Ever wonder why your butt looks so good in heels? While your hips and knees move forward to balance out the extra weight in the balls of your feet, your lower back hyperextends backward. You might look great from behind, but it can be really dangerous for your back over time, causing chronic back soreness, back spasms, and eventually arthritis, says podiatrist L. Kelsey Armstrong. The influence of high and low heeled shoes on EMG timing characteristics of the lumbar and hip extensor complex during trunk forward flexion and return task. Mika A, Clark BC, Oleksy Ł. Manual therapy, 2013, Apr.;18(6):1532-2769. The effect of walking in high- and low-heeled shoes on erector spinae activity and pelvis kinematics during gait. Mika A, Oleksy L, Mika P. American journal of physical medicine & rehabilitation / Association of Academic Physiatrists, 2012, Jun.;91(5):1537-7385.
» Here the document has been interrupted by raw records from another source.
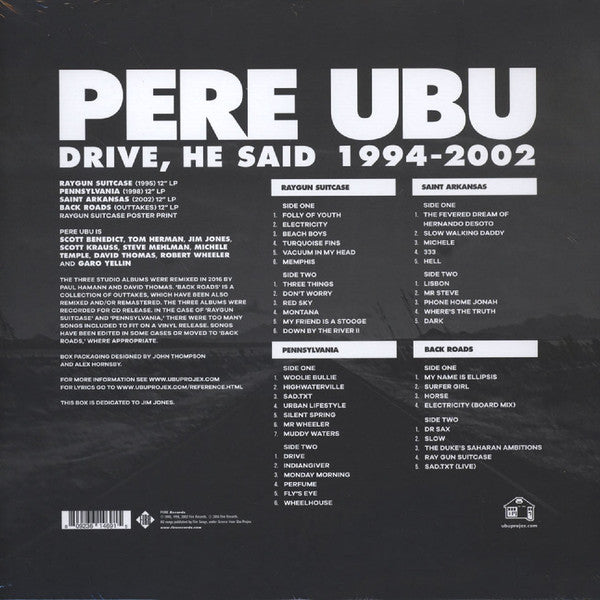 Pere Ubu : Drive, He Said 1994-2002 (Box, Comp, Ltd + LP, Album, RE, Rem + LP, Album, R)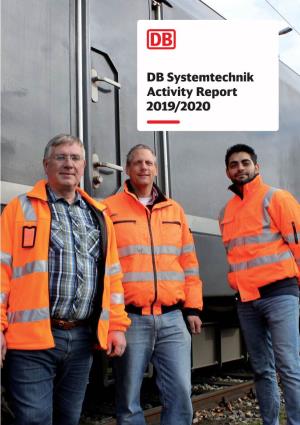 DB Systemtechnik Activity Report 2019/2020
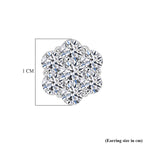 Luxuriant - Lab Grown Diamond ( SI-G-H ) Pressure Set Earring in Rhodium Sterling Silver 2.00 Ct.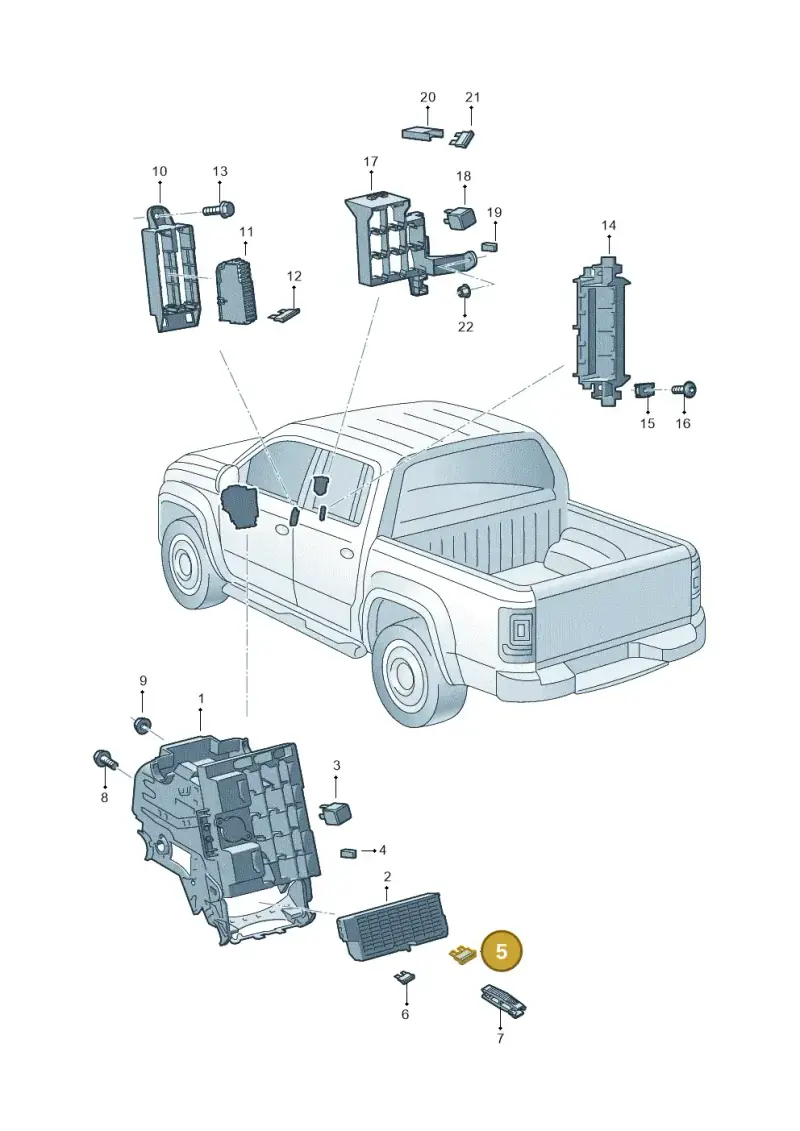 N01713114 — Volkswagen Amarok twin cab (2022-) diagram 894937000, position 5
Frequency Matters (But Not as Much as You'd Think)
These problems are more or less common, depending on how frequently you wear heels. There isn't a hard-and-fast rule for when you'll start to see damage, but generally people who wear high heels every day are more prone to long-term injuries than occassional wearers. (Surpise, surprise.)
Even if you don't wear heels very often, you're still at risk for bunions, hammertoes, and other serious foot injuries. It just may take longer—probably five to 10 years, Armstrong says. There can be variability here too, depending on how long you walk in your heels at a time (one hour versus eight hours, for example).
Just throwing on a pair once? You should still be careful. "You are less likely to have long-term damage from wearing heels for just one day, but if you aren't strong, are overweight, or are borrowing a pair of your friend's shoes that don't really fit, you could see serious damage," Sutera says.
"Damage can start a lot earlier than you think," adds Marlene Reid, a podiatrist and former president for the American Association for Women Podiatrists. "What's important is educating yourself on how to wear heels more effectively so you can diminish the negative effects," she says.
4 Ways to Diminish the Damage
Before you raid your closet and throw out anything with a heel, keep in mind there are smarter ways to wear them so you don't suffer serious health issues.
1. Wear lower heels or wedges.
As you probably guessed, higher heels are worse for your feet. Taller shoes make you shift your weight even more, which can lead to torn ligaments and stress fractures, Reid says. The American Podiatric Medical Association recommends wearing wedges or heels that are two inches or less. Wedges still aren't great for your feet, but the platform reduces the incline, helping you balance and lessening the pressure on the ball of your foot.
2. Opt for a wider toe.
Wide as opposed to narrow-toed heels are also a better bet. A narrower shoe can cause a pinching of the nerves between the bones in the ball of your foot, or a neuroma.
3. Change the height of the heel you wear from day to day.
One tip Reid suggests for frequent wearers is to switch between different heel heights. "Wearing heels of the same height every day consistently contracts the Achilles tendon," she says. By regularly switching, you allow the tendon to stretch.
4. Cap the time you're walking in heels to three hours at a time.
You may have already tried this trick: Wear flats to work or an event and switch to heels when you arrive. But it's still a good idea to pay attention to how long you're walking in them. For strutting your stuff, a good general cutoff is to keep your heels on for no more than three hours, Reid says.